We are delighted to welcome visiting researcher Ido Fuchs. Ido is a Ph.D. candidate in the Program for Comparative Literature at Tel Aviv University. He is also an Associated EUME Doctoral Fellow at the Berlin Forum Transregionale Studien. Until June he will be staying as a visiting researcher at Utrecht University Network for Environmental Humanities. His research examines the radical lingual, social, and political potentialities of poetics in Palestinian cultural production.
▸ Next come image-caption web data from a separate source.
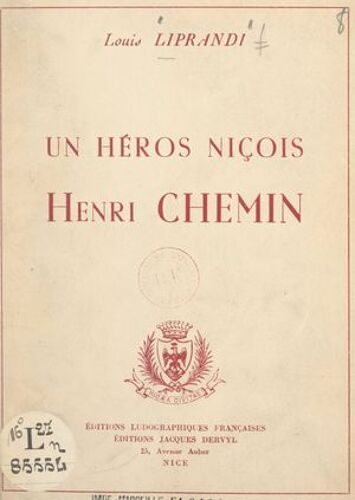 Un Héros Niçois : Henri Chemin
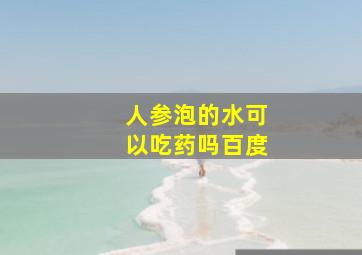 人参泡的水可以吃药吗百度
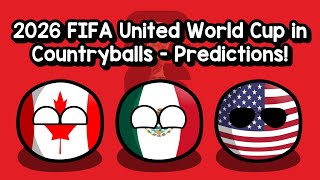 2026 FIFA World Cup in Countryballs - UNOFFICIAL PREDICTION!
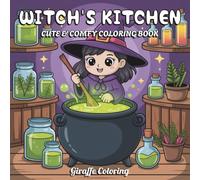 Witch's Kitchen Coloring Book: 40 Spooky and Whimsical Coloring Pages Featuring Potion Shelves, Magic Cauldrons, Pumpkins, Black Cats, Herbs, Candles, ... (Spooky & Sweet: A Halloween Collection)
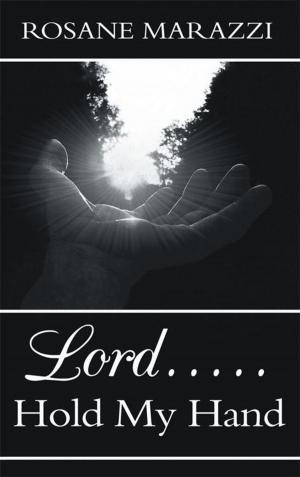 Cover of the book Lord.....Hold My Hand by S. STONE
Ido’s first project, Writing Returns, is a critical and comparative study of the poetics of return in Palestinian literature, focusing on questions of gender, anti/post-colonialism, and world literature. Analyzing a multilingual, translocal, and genre-varied corpus, the project provides a nuanced understanding of the myriad ways in which Palestinians perceive and formulate return. Ultimately, the project argues that the poetics of return, with its radical potentialities and ability to connect yet still hold critical differences, offers a valuable framework for fostering communities – local and trans-local, across time and languages, in Palestinian literature and beyond.

Ido’s second project, tentatively titled The Atmosphere of Doomsday, brings together research on colonialism, violence, apocalyptic discourses, and contemporary cultural production in Palestine/Israel. By analyzing cultural production in a broad sense—such as plastic art, literature, popular music, protests, and scholarly work—the project demonstrates that while apocalyptic discourses are indeed utilized to advance systemic violence, the poetics of disaster offers a generative tool for thinking of resistance to this violence and, thus, a future.

His works, deriving from both projects, have appeared or are forthcoming in journals such as Interventions, Biography, Theoretical Practice, Mafte’akh, and Bezalel.